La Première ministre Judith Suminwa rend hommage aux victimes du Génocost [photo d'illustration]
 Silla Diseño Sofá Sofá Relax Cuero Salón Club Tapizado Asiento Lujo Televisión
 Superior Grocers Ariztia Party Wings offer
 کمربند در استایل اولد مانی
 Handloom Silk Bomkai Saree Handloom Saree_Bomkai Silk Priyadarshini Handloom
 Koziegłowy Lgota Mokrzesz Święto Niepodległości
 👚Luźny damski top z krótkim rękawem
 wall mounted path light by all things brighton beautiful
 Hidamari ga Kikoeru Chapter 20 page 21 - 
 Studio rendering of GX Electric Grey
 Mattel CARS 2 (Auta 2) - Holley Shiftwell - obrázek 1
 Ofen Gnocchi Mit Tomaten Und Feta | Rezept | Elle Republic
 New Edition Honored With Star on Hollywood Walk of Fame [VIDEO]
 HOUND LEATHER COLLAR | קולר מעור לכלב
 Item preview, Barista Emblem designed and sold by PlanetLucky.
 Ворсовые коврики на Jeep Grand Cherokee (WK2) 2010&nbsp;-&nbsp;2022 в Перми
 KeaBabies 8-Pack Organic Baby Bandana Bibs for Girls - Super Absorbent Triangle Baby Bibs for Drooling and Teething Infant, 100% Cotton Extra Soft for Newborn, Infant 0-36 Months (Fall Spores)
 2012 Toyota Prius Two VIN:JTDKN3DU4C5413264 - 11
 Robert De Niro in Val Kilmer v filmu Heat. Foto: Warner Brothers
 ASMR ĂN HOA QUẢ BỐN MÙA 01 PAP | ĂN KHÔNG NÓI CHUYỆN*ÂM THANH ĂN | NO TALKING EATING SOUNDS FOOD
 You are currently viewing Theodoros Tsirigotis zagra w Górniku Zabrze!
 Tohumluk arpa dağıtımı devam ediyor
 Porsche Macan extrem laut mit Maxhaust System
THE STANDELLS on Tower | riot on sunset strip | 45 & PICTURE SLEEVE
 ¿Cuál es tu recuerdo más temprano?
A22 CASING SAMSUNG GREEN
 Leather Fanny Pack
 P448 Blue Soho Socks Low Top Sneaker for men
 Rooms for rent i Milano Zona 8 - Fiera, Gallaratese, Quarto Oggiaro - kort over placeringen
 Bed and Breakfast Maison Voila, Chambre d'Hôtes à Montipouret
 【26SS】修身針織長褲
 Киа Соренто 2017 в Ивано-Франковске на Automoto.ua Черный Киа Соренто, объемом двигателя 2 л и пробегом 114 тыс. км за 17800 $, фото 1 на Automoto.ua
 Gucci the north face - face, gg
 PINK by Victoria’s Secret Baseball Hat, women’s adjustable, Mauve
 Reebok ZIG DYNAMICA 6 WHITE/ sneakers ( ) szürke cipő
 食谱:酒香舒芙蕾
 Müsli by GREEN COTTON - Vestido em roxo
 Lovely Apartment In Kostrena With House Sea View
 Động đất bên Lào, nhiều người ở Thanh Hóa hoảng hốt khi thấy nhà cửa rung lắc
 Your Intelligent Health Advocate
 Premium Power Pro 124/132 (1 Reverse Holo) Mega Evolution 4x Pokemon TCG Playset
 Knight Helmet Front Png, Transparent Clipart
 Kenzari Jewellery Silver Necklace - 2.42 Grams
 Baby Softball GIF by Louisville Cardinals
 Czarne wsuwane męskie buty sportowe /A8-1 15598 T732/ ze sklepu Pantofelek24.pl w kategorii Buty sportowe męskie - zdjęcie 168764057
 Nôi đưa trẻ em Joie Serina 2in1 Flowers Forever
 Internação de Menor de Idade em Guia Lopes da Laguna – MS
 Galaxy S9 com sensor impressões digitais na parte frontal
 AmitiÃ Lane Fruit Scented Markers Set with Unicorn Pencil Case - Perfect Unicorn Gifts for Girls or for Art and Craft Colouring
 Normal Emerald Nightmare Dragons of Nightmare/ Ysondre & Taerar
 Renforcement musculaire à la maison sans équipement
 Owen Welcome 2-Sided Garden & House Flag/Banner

★ ★ ★ ★

Work order
How many lines of the listing above contain the string "Baby"? Answer with the number alone.

Task answer
2